The Companies Act, 1956
10. JURISDICTION OF COURTS.
(1) The Court having jurisdiction under this Act shall be –
(a) the High Court having jurisdiction in relation to the place at which the registered office of the company concerned is situate, except to the extent to which jurisdiction has been conferred on any District Court or District Courts subordinate to the High Court in pursuance of sub-section (2); and
(b) where jurisdiction has been so conferred, the District Court in regard to matters falling within the scope of the jurisdiction conferred, in respect of companies having their registered offices in the district.
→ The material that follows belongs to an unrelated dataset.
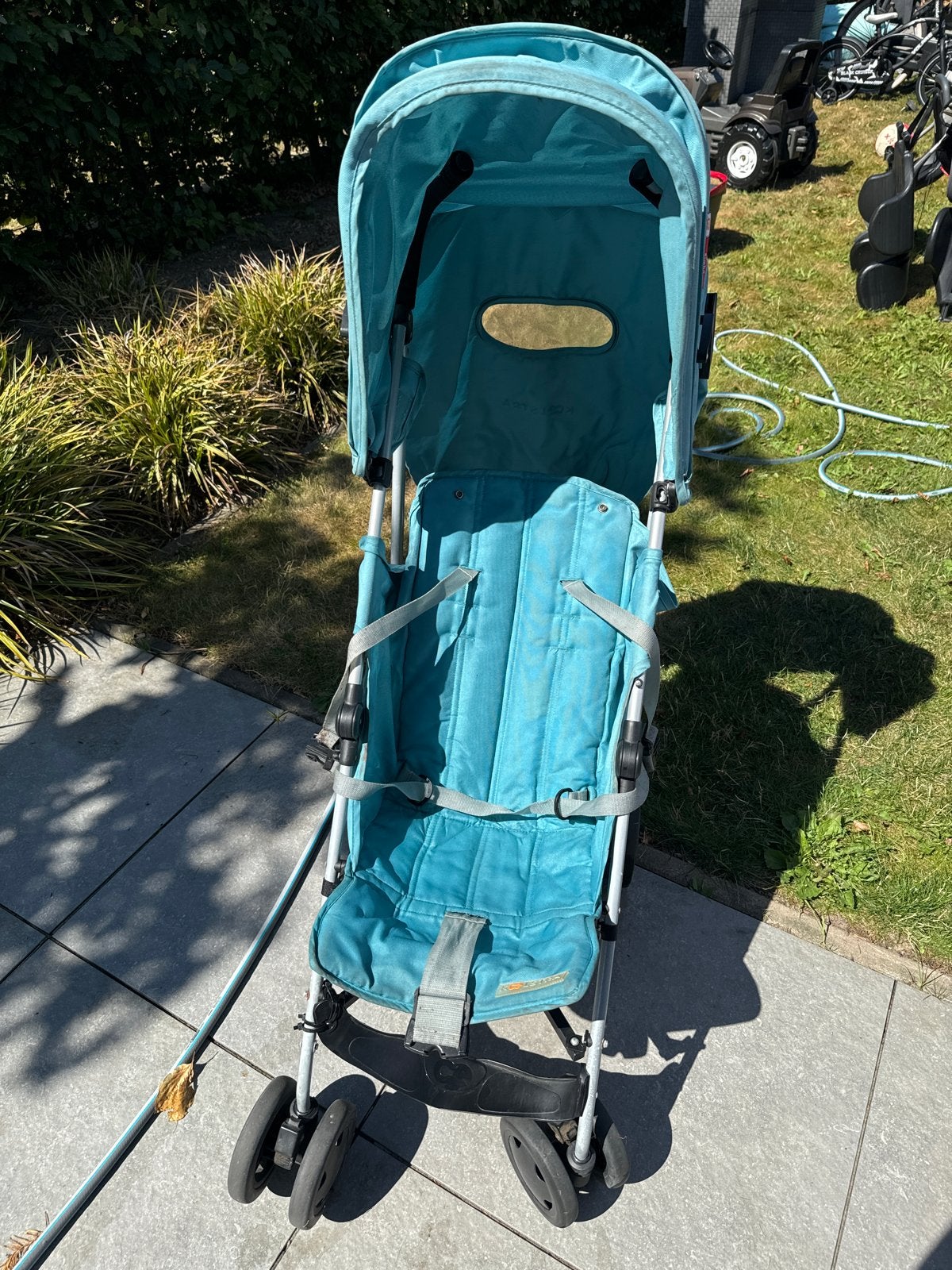 Maclaren buggy - Lichtblauw met zonnekap only pick up, Ophalen of Verzenden, Gebruikt, Maclaren, Verstelbare rugleuning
(2) The Central Government may, by notification in the Official Gazette and subject to such restrictions, limitations and conditions as it thinks fit, empower any District Court to exercise all or any of the jurisdiction conferred by this Act upon the Court, not being the jurisdiction conferred –
(a) in respect of companies generally, by sections 237, 391, 394, 395 and 397 to 407, both inclusive;
(b) in respect of companies with a paid-up share capital of not less than one lakh of rupees, by Part VII (sections 425 to 560) and the other provisions of this Act relating to the winding up of companies.
(3) For the purposes of jurisdiction to wind up companies, the expression “registered office” means the place which has longest been the registered office of the company during the six months immediately preceding the presentation of the petition for winding up.